W Austrii stwierdzono pierwszy przypadek śmiertelny koronawirusa - podały służby medyczne w Wiedniu. 69-latek, który powrócił z Włoch, zmarł w nocy ze środy na czwartek w jednym ze szpitali w austriackiej stolicy. Austriak, zanim zakaził się koronawirusem, chorował.

Do tej pory w całym kraju odnotowano 302 przypadki zakażenia koronawirusem, przy czym cztery osoby wyzdrowiały.

W Austrii wprowadzono kontrole graniczne, a zgromadzenia z udziałem ponad 100 osób zostały zakazane z nielicznymi wyjątkami.

"Wizyty w szpitalach są zakazane do odwołania" - zakomunikowały władze Wiednia w oświadczeniu, w którym poinformowały o śmierci mężczyzny. Odłożono również niepilne operacje, żeby skupić się na walce z epidemią Covid-19.

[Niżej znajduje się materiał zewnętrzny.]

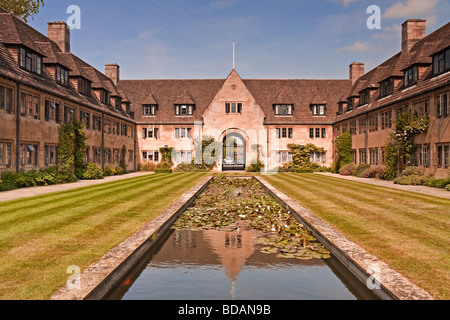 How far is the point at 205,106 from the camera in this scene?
50.5 metres

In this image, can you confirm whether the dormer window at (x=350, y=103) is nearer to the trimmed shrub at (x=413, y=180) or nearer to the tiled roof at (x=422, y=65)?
the tiled roof at (x=422, y=65)

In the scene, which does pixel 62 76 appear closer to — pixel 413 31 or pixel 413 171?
pixel 413 171

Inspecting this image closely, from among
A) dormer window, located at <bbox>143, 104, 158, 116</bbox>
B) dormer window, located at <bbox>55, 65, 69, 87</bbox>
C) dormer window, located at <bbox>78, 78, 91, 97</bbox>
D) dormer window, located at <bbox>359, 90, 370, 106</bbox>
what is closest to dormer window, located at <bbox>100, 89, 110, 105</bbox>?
dormer window, located at <bbox>78, 78, 91, 97</bbox>

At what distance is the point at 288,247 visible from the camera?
9.23 meters

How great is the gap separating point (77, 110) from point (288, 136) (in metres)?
27.6

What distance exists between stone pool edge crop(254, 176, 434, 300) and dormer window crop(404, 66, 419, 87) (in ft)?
75.4

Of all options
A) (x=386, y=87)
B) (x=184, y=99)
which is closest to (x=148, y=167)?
(x=184, y=99)

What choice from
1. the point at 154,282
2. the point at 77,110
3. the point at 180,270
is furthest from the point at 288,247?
the point at 77,110

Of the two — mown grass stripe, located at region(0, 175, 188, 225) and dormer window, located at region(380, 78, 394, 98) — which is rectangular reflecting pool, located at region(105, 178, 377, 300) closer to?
mown grass stripe, located at region(0, 175, 188, 225)

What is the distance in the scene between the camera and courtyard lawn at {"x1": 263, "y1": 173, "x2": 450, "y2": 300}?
21.5 ft

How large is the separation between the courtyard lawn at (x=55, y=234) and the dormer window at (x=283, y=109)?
35.9m

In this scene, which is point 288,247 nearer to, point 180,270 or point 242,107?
point 180,270

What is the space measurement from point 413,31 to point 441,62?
11.2 meters

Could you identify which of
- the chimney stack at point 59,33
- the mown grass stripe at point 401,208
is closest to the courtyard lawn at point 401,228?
the mown grass stripe at point 401,208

Koronawirus, który w grudniu ub. pojawił się w Chinach, rozprzestrzenił się już na ponad 110 krajów, zabił na świecie ponad 4,6 tys. osób; zakażonych jest ponad 126 tysięcy. Największe ogniska epidemii znajdują się w Chinach, a także we Włoszech, w Iranie i Korei Południowej. W Chinach kontynentalnych odnotowano ponad 80,7 tys. zakażonych i ponad 3100 zgonów, we Włoszech odpowiednio ponad 12,4 tys. i 827, w Iranie - ok. 9 tys. i ponad 350, w Korei Płd. ponad 7,7 tys. i 61.